Predictably, the IPKF failed despite deploying helicopter gunships and tanks to assist the 80,000-strong force comprising four army divisions. The Indian Army, that had barely got the handle on insurgencies in the northeast by then, was pitchforked into an alien milieu where friends were foes, and there was no consensus about what to do or how to do it.

It lost more men — some 1,200 in operations than in any other single conflict since Independence. One can understand why the Sri Lanka Army, facing so formidable an adversary, prosecuted its actions in the final phase with such extreme prejudice.

I elaborated for Balasingham the arguments I had made against an Indian role in stoking separatist sentiments and helping the Tamil insurgency in Sri Lanka, or any other adjoining state — which case holds to this day. Politically, I said it was dangerous for India — itself a patch-work of different sub-nationalities, to encourage the fissiparous tendencies within neighbouring countries in a region of overlapping ethnicities and loyalties, because that would legitimate similar foreign attempts at balkanising India, and that such involvement would inevitably draw the Indian military into the actual fighting. Once that happened, I told him, it would be a disaster for the Indian armed forces because, as per historical experience, embroilment in civil strife usually bodes ill for the intervening foreign entity. Besides risking life and limb of Indian soldiers, it would, I ventured, tar the reputation of the Indian Army and, worse, end up seeding lasting ill-will in a previously friendly country. Unhappily, all these came to pass. Balasingham, however, remained unconvinced, maintaining that India could not “wash its hands” off the Eelam, or “disown its blood ties” with the Tamils in Sri Lanka.

The Indian armed intervention combining with the pro-consular attitude of the Indian High Commissioner in Colombo at the time, J.N. Dixit, moreover, left a deeply negative impress in Colombo, generating enduring resentment of India that President Mahinda Rajapaksa has mined to consolidate his rule in that country. It fuelled the Sri Lankan policy in the last decade of actively courting China which, beyond Humbantota, may soon fetch Beijing an oil tank farm and a naval presence in Trincomalee, a deep water port Nelson called the finest in the Indian Ocean.

Fortunately, the Indian government is now determined to go only so far in placating popular sentiments in Tamil Nadu, whence the half-hearted attempt in Geneva to introduce the word “genocide” into the UN Human Rights resolution targeting Sri Lanka but only after first alerting Colombo lest this move be perceived as other than a cursory bow to domestic politics. It was followed by External Affairs Minister Salman Khurshid rejecting outright the main planks of the resolution passed by the Tamil Nadu Assembly — moving a resolution in the UN for a referendum on the Eelam in Sri Lanka, treating that country as unfriendly, and imposing economic sanctions on it.

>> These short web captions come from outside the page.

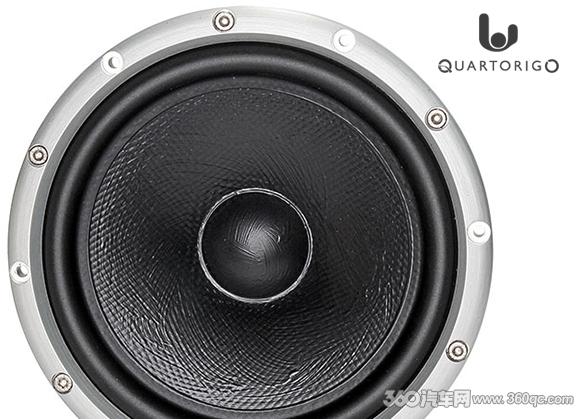 意大利卓傲喇叭效果,意大利卓傲大指挥官音响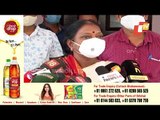 BJD's Pramila Mallick On Compensation For Covid Victims & Demand For Rath Yatra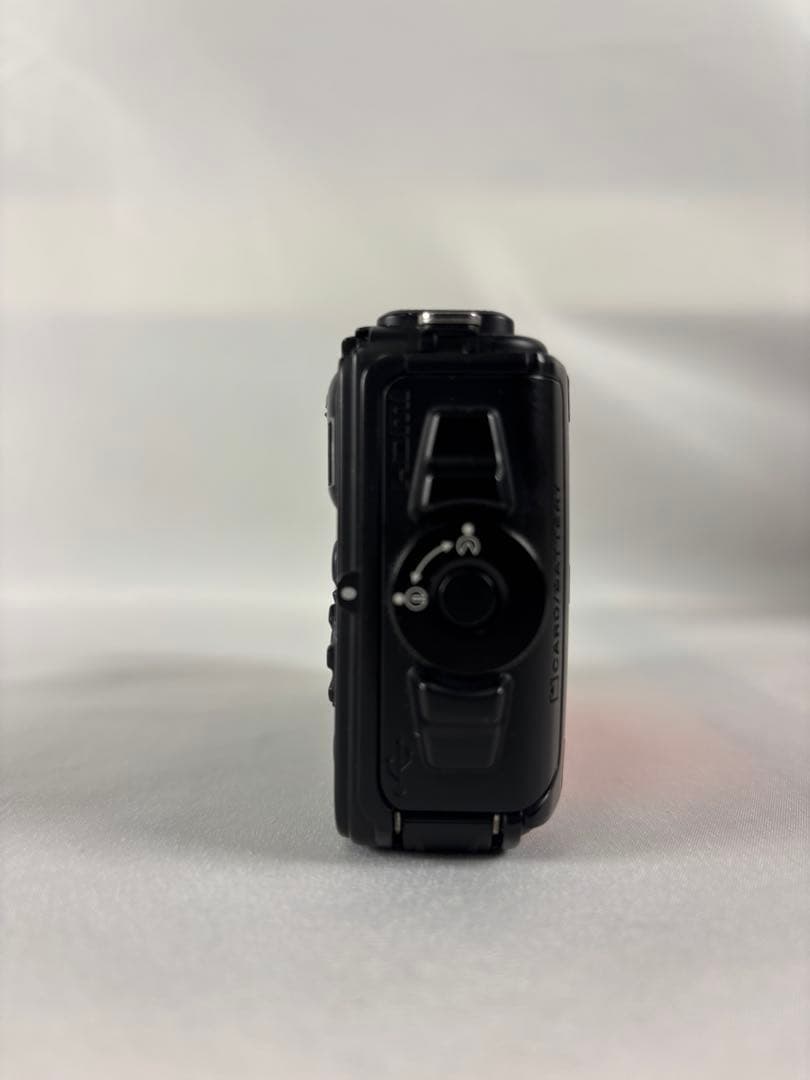 Nikon coolpix AW130 防水カメラ外品充電器付き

What is incomprehensible is not that the recent events reinforce the reality of Tamil Nadu state politics adversely impacting bilateral relations with Sri Lanka. Colombo is familiar with New Delhi’s predicament on this score. Nor is it particularly surprising that the opposition DMK withdrew its support to the UPA coalition government headed by Manmohan Singh, and together with the ruling AIADMK and other Tamil parties is engaged in competitive pandering to the street sentiments. This has involved actions ranging from petty (disrupting sports ties) to vicious (not discouraging assaults on visiting Sri Lankan Buddhist monks) to foolish (demanding the arrest of the Sri Lankan High Commissioner, Prasad Kariyawasam, for his factual statement that the Sinhalese too are ethnically of Orissa Indian stock). But that the calm, calculating, and sure-footed AIADMK chief minister of Tamil Nadu, Jayalalithaa, who has a better shot at the prime ministership if a Third Front materialises after the 2014 general elections than, say, the blustery Hindi-heartland hankerer for the job Mulayam Singh, has foreign policy-wise made a mistake. Sympathetic noises supportive of the Tamil community across the Palk Strait is one thing. Going the extra steps to reinforce fear in the minds of the Sri Lankan people can, however, become a liability for a prospective PM.

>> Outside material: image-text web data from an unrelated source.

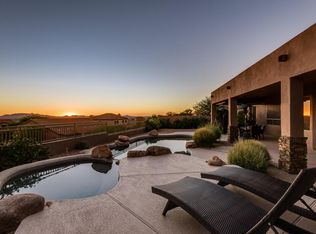 11081 E Raintree Dr, Scottsdale, AZ 85255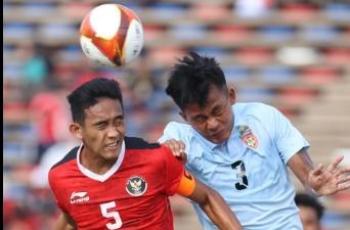 Jelang Semifinal SEA Games 2023, Kapten Timnas Indonesia U-22 Akui Siap 100 Persen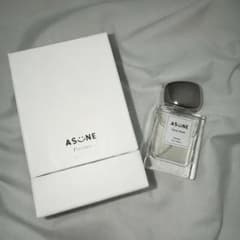 ASUNE（アスネ）香水 Parfum Peony Musk 30ml - メルカリ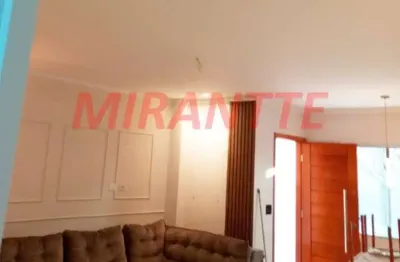 Casa com 3 quartos à venda na Rua Hamburgo, Vila Gustavo, São Paulo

[Published in the 'New Indian Express' April 5, 2013 at http://newindianexpress.com/opinion/article1530725.ece ]

Posted in Asian geopolitics, China, China military, civil-military relations, Geopolitics, guerilla warfare, India's China Policy, India's strategic thinking and policy, Indian Air Force, Indian Army, Indian Navy, Indian Ocean, Indian Politics, Internal Security, South Asia, Terrorism | 3 Comments

China hand behind growls of NoKo paper tiger

The Kim Jong Eun regime in North Korea is the proverbial paper tiger — all sound and fury, and near farcical capabilities when matched up against any of its adversaries in the Far East. It’s another matter that the US has fallen for this by deploying strategic bombers over SoKo, etc. NoKo’s blustery posture, heightened by the “ënhanced” Fusion-boosted fission device tested early February of Pakistani design and provenance and Chinese technical vetting and oversight, is not maintainable, however. (See previous blogs on the NoKo test, etc.) The important thing that’s predictably and wilfully being missed by the international and especially Western-American stratgeic communities is the fact of Pyongyang’s confidence being bolstered by Chinese steel. (Wilful neglect of this factor because otherwise the US would have to confront China head-on, a fight for which it has no stomach.) It is the assurance of Beijing’s military might that propels Eun’s almost clownish escalatory moves. It is China then that’s encouraging NoKo show of bellicosity. To wit this note in the ‘Powerful Nation Forum’ — revealing, eh???! — of ‘People’s Daily’, Feb 19, 2013, which referred to any crisis instigated by NoKo as beneficial to China because it diverts US pressure from China, distracts Japan from the Senkaku dispute theatre, and permits Beijing to step in as mediator-peace-maker. Very, very clever strategy.

Posted in Asian geopolitics, China, China military, Europe, Geopolitics, Great Power imperatives, Japan, Northeast Asia, Nuclear Policy & Strategy, Strategic Relations with South East Asia & Far East, United States, US. | 4 Comments

Frog in hot water

John Garver, a leading American expert on Sino-Indian relations, has likened Beijing’s strategy towards India to the traditional Chinese way of cooking a frog. Plonk the frog in a vessel and turn up the heat slowly. If the water was hot to begin with or the temperature were to rise much too quickly, the frog would simply jump out and escape.But if the heat is turned up gradually, the frog luxuriates in the warming water, unmindful of the fate awaiting it until it is too late for it to do anything.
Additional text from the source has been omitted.